Così, l’immagine dell’imputato, viene a poco a poco rovinata. Per capire come sia successo conviene rileggere le conversazioni private che lo riguardano. Una di queste avviene tra due suoi collaboratori che, secondo gli inquirenti, gli hanno organizzato un incontro con una prostituta a Milano: "Il ‘capo’ – dice uno all’altro – avrebbe preferito una bionda e ha giudicato 200 euro eccessivi per la prestazione". In un’altra conversazione telefonica invece, tra il principe ed il suo segretario Gian Nicolino Narducci che stanno discutendo della partecipazione di Vittorio Emanuele ad una manifestazione organizzata per raccogliere fondi a favore di un’associazione che assiste minori vittime di abusi sessuali, il segretario dice: "Speriamo che ci siano delle belle bambine". E il principe, urlando, risponde: “Subito, si”, facendo ridere Narducci. Poi Il principe prosegue: "Che bello, allora sono proprio contento perché tutto andrà bene e farà bel tempo". Fin qui, nell’ambito dell’indagine per associazione a delinquere, queste intercettazioni non sembrano avere alcun rilievo.
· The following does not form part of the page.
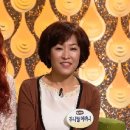 아시아노래클럽 - 포항시 남구 문덕로 27 | 아시아노래클럽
Ma non finisce qui, perché le conversazioni che trapelano dai fascicoli della Procura, non sono tutte. Un’altra conversazione tra i due fa riferimento ad un lavoro di riparazione effettuato male (o non eseguito per niente) da personale sardo sul motore della barca del principe. Dice che i sardi “puzzano e basta” ed insulta anche le loro madri. Improprio e molto offensivo ma, anche in questo caso, di nessuna rilevanza penale nel processo in questione.
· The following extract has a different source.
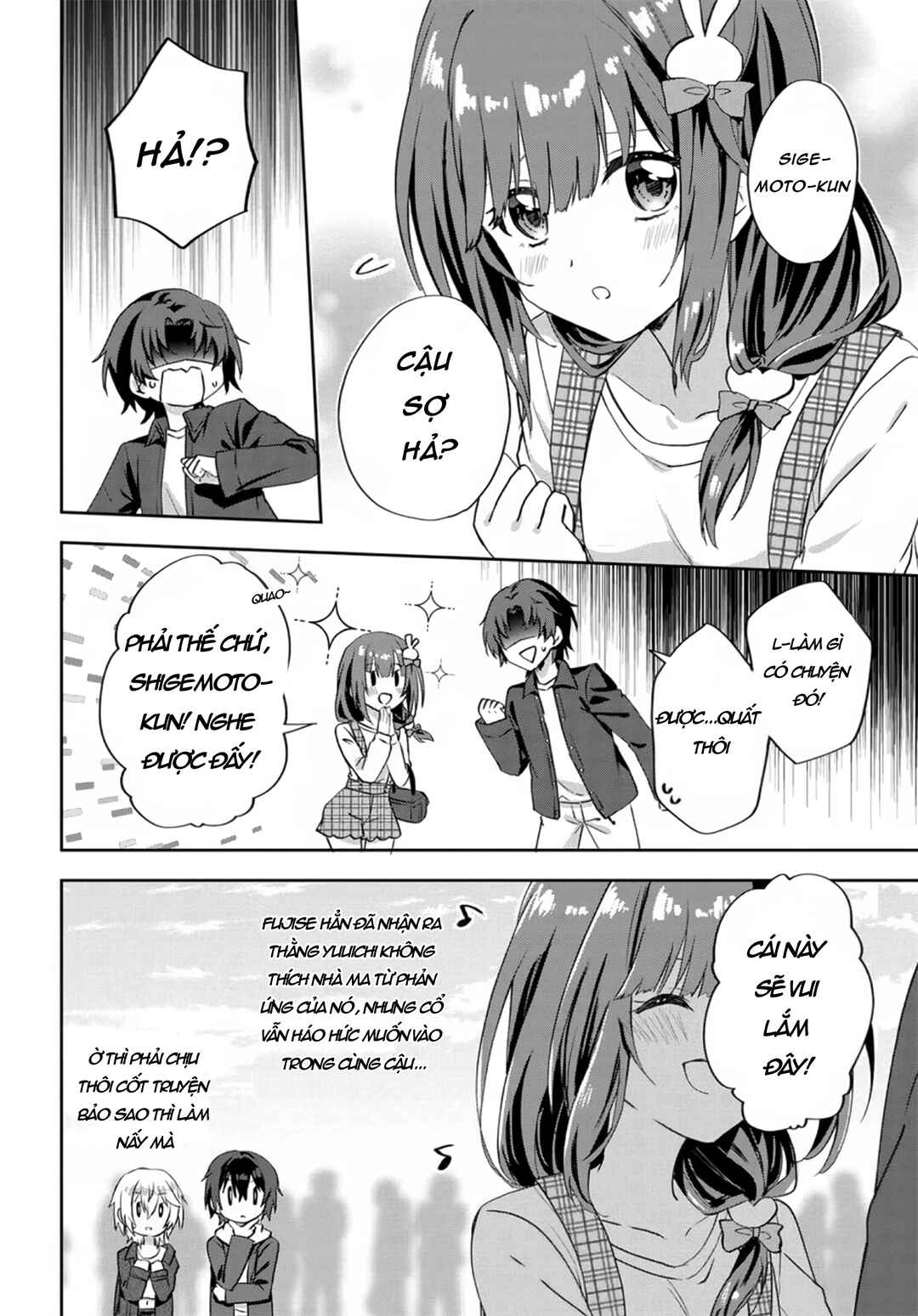 Chapter 7.2 - Page 5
Simile il caso degli insulti alla giornalista del Manifesto Giuliana Sgrena, rapita a Baghdad nel febbraio del 2005, quando perse la vita Nicola Calipari. Vittorio Emanuele fa apprezzamenti sgradevoli nei confronti della donna, ai quali Narducci risponde dicendo: "comunista di merda", sempre riferendosi alla giornalista. Come sopra: gravi insulti ingiustificati, ma privi di interesse penale, nell’ambito del cosiddetto Savoiagate.

Ma in riferimento a queste intercettazioni, è un’altra la dichiarazione che ha una certa rilevanza. A rilasciarla è stato proprio il GIP di Potenza Alberto Iannuzzi che, nell’ ordinanza di custodia cautelare del principe, ha definito "oggettivamente raccapriccianti" i termini usati da Vittorio Emanuele e dal suo assistente. Non solo. Ha anche riferito che "le parole e il tono utilizzati dal Savoia e dal Narducci appaiono emblematici della loro personalità".

Così è finalmente chiaro che le intercettazioni non sono destinate ad accertare i reati. Semmai, a scandagliare la "personalità" degli imputati. Parola di GIP.